La petite musique du vote « utile » a changé d’interprètes. Ceux qui la jouaient au centre-gauche l’ont soudainement oubliée maintenant qu’ils sont dépassés par une force alternative. Ceux qui l’empruntent pour vanter le vote Mélenchon étaient nombreux à s’en moquer auparavant, sans guère en tirer de leçons.
À pile un mois du premier tour de l’élection présidentielle, quiconque possède une sensibilité de gauche, et trouve le bilan d’Emmanuel Macron trop consternant pour souhaiter sa réélection, doit probablement considérer le 10 avril prochain comme une perspective accablante ou angoissante.
Comme à l’élection présidentielle de 2017 et conformément à l’ordre d’arrivée des premières listes aux élections européennes de 2019, les deux candidatures en tête pourraient bien être celle de la majorité en place et une autre d’extrême droite. Une fois encore, la question sociale et la question écologique risquent d’être trappées du débat public. À un néolibéralisme drapé d’atours protecteurs et modernisateurs, mais laissant intactes les logiques écocidaires et inégalitaires, s’opposerait un nationalisme identitariste, encore plus régressif pour les droits et les libertés. (...)
C’est dans ce cadre que celles et ceux qui se reconnaissent dans la gauche doivent déterminer à qui ils attribueront leur bulletin de vote, si tant est qu’ils l’attribuent à qui que ce soit. (...)
Une première inclination peut en effet consister à se désintéresser de la présidentielle, au motif particulier qu’elle est l’élection emblématique d’une personnalisation verticale de la politique de plus en plus insoutenable et obsolète, ou au motif plus général que les élections seraient toujours des façades permettant à des régimes de plus en plus inégalitaires de continuer à se prétendre démocratiques.

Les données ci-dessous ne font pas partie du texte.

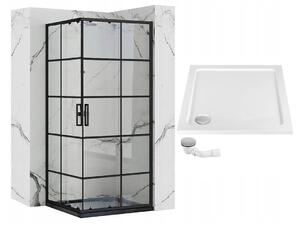 Rea Concept, sprchovací kút 90x90x190 cm, čierny profil + biela sprchová vanička Savoy, KPL-K1001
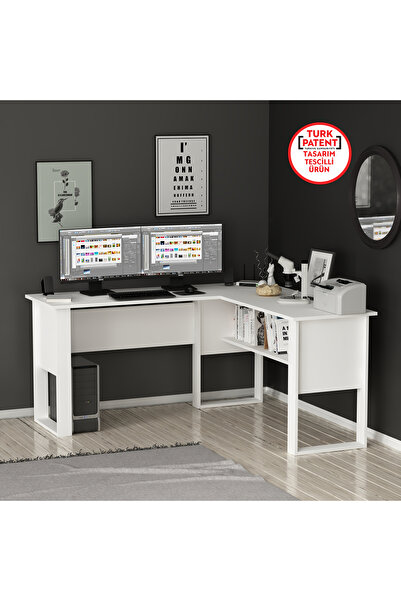 Betroya Randi Çalışma Masası - Beyaz / Beyaz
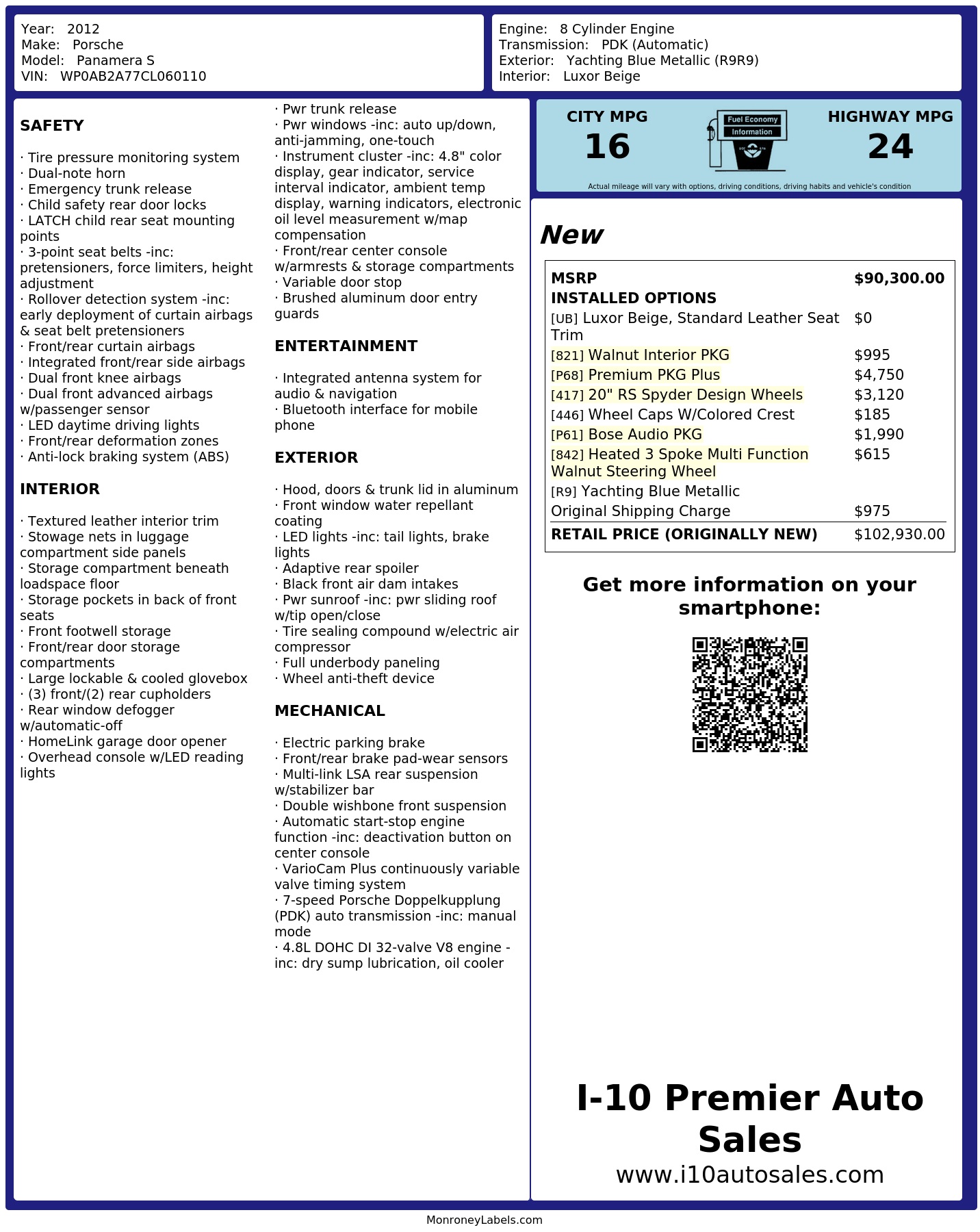 Monroney Label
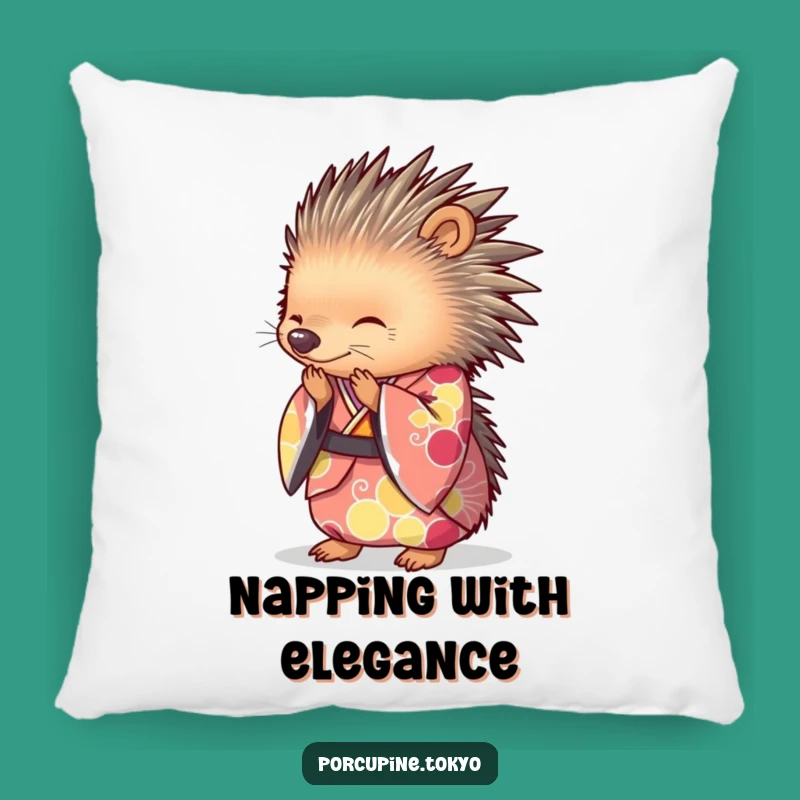 Funny Porcupine Kimono Pillow: Cozy Grace, a Hilarious Comfort Gift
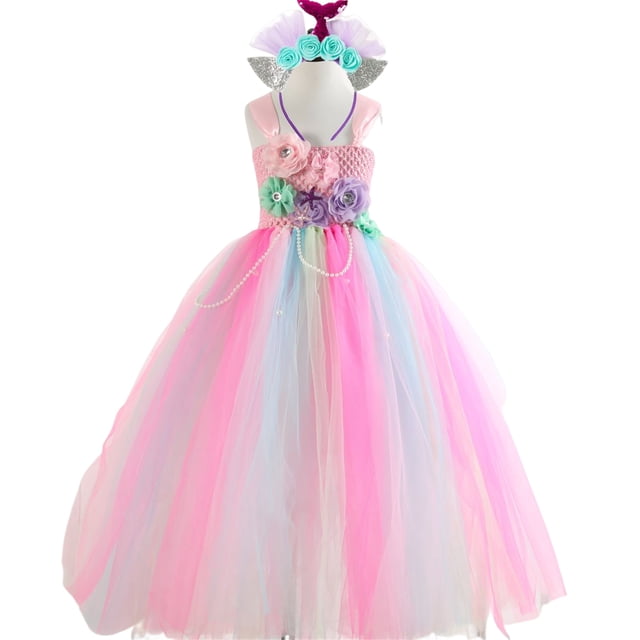 Mermaid Costume Tutu Jupe Filles Bandeau Taille Haute Robe en Tulle pour Fête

Le moment du vote peut être perçu comme un rite irrationnel, organisant la captation d’une pseudo-volonté collective par une poignée de dirigeants, se vivant ensuite comme oints d’une légitimité factice.
Si de nombreuses raisons existent d’être critique vis-à-vis des processus électoraux contemporains, se détourner du scrutin semble être une position difficilement tenable, ou du moins universalisable (c’est-à-dire recommandable à d’autres que nous-mêmes) dans la conjoncture actuelle. (...)
La possibilité, même faible, de voir l’extrême droite accéder aux commandes du pays invite aussi à ne pas négliger le scrutin décisif d’une puissance comme la France, certes moyenne mais dont le poids diplomatique n’est pas négligeable, ne serait-ce que du fait de son droit de veto à l’ONU et de sa possession de l’armement nucléaire – puisqu’on en est à devoir réfléchir en ces termes. (...)
La possibilité, même faible, de voir l’extrême droite accéder aux commandes du pays invite aussi à ne pas négliger le scrutin décisif d’une puissance comme la France, certes moyenne mais dont le poids diplomatique n’est pas négligeable, ne serait-ce que du fait de son droit de veto à l’ONU et de sa possession de l’armement nucléaire – puisqu’on en est à devoir réfléchir en ces termes. (...)
On ne peut pas constater des tendances fascisantes et se laver les mains du seul scrutin qui mobilise entre 70 et 80 % du corps électoral. (...)
Entre l’option du compromis et l’option de la rupture
Restent les deux options électorales qui structurent tant bien que mal l’offre politique à gauche en 2022, et prétendent en tout cas à gouverner un jour ce pays. D’un côté, le projet de « social-écologie » entend fédérer la population autour d’un nouveau compromis entre travail et capital, mais aussi aspirations au bien-être et équilibre du système-Terre, afin de détourner le cours du désastre climatique et de protéger les citoyens de l’insécurité économique.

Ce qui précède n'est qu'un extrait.